• **SOURCE DATA**:
[Start of section]

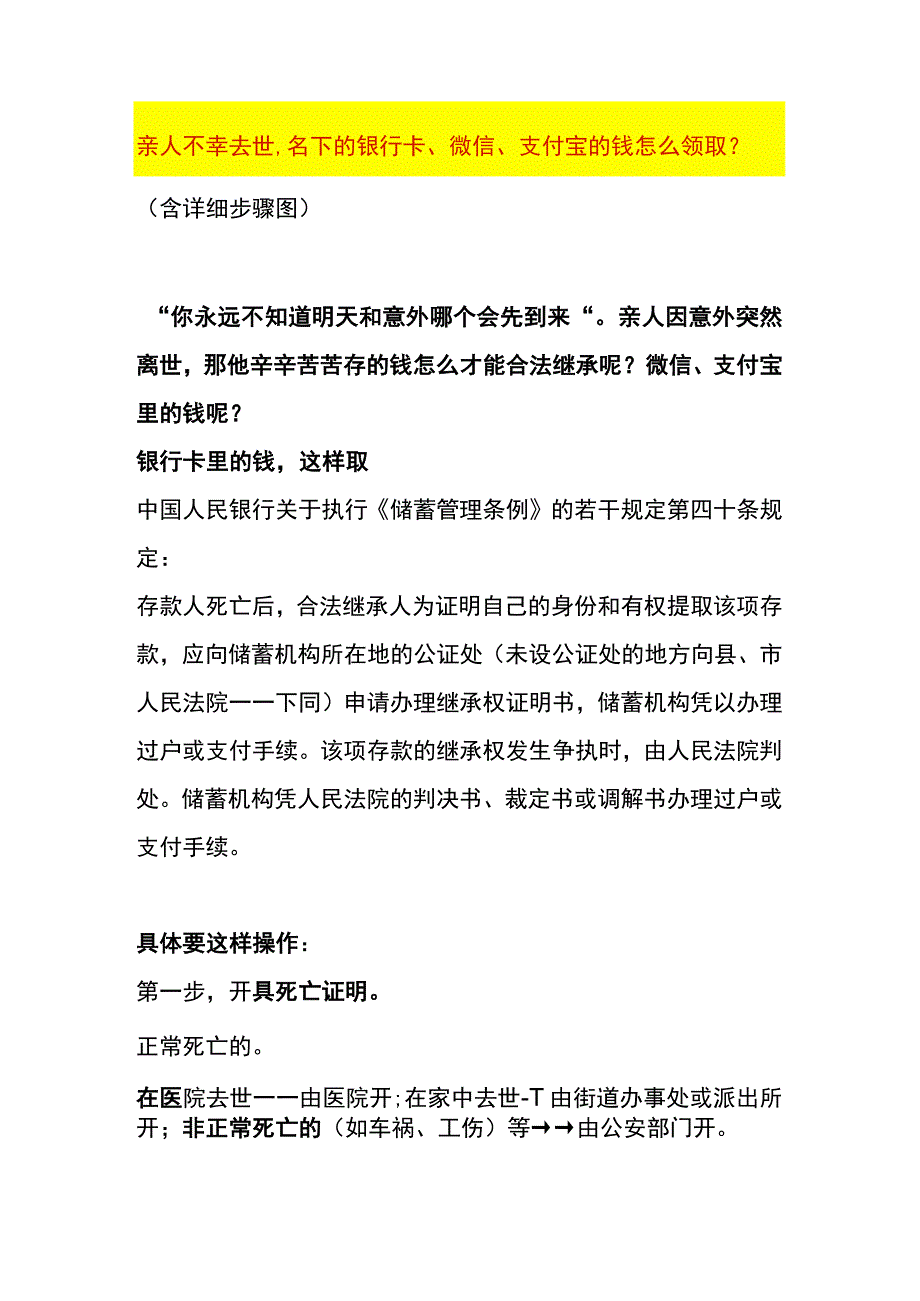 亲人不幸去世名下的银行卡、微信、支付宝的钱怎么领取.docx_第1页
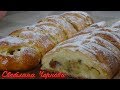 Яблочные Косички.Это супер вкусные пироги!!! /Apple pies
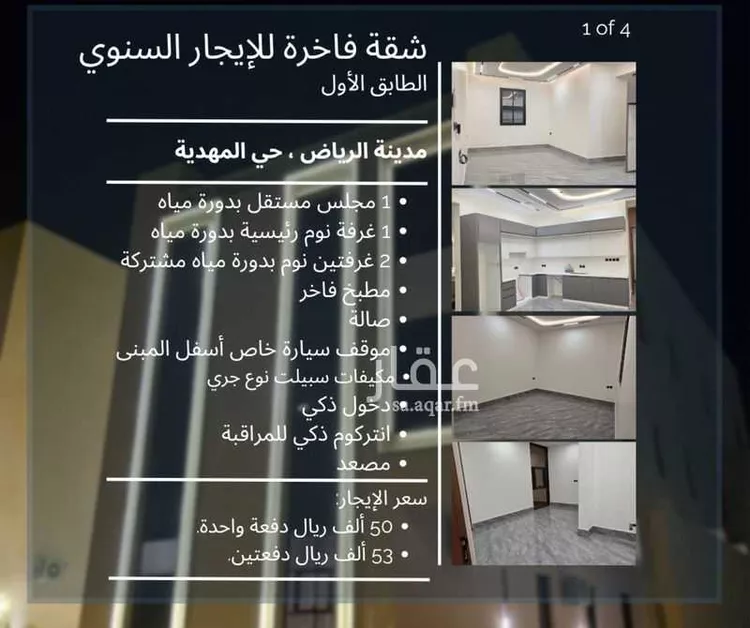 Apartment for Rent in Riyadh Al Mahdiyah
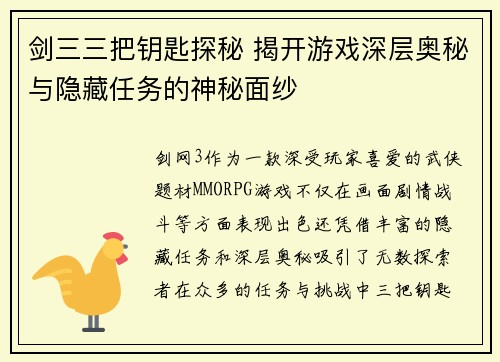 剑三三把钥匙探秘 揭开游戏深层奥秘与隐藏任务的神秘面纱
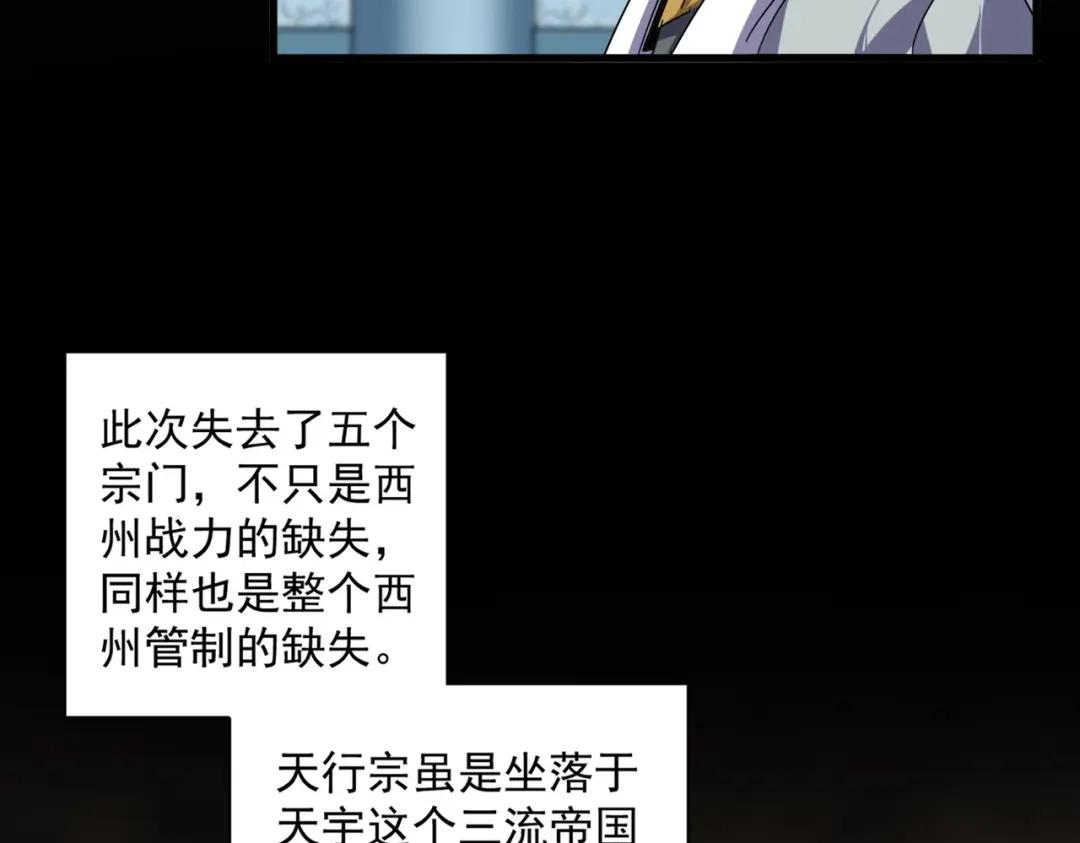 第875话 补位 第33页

[End of section]

• **TASK TO COMPLETE**:
What you return should be the exact lines from the one containing "Apartment for Rent in Riyadh Al Mahdiyah" through the end of the listing above, both included, minus any pictures.

• **RESULT**:
 Apartment for Rent in Riyadh Al Mahdiyah
 剑三三把钥匙探秘 揭开游戏深层奥秘与隐藏任务的神秘面纱
 第875话 补位 第33页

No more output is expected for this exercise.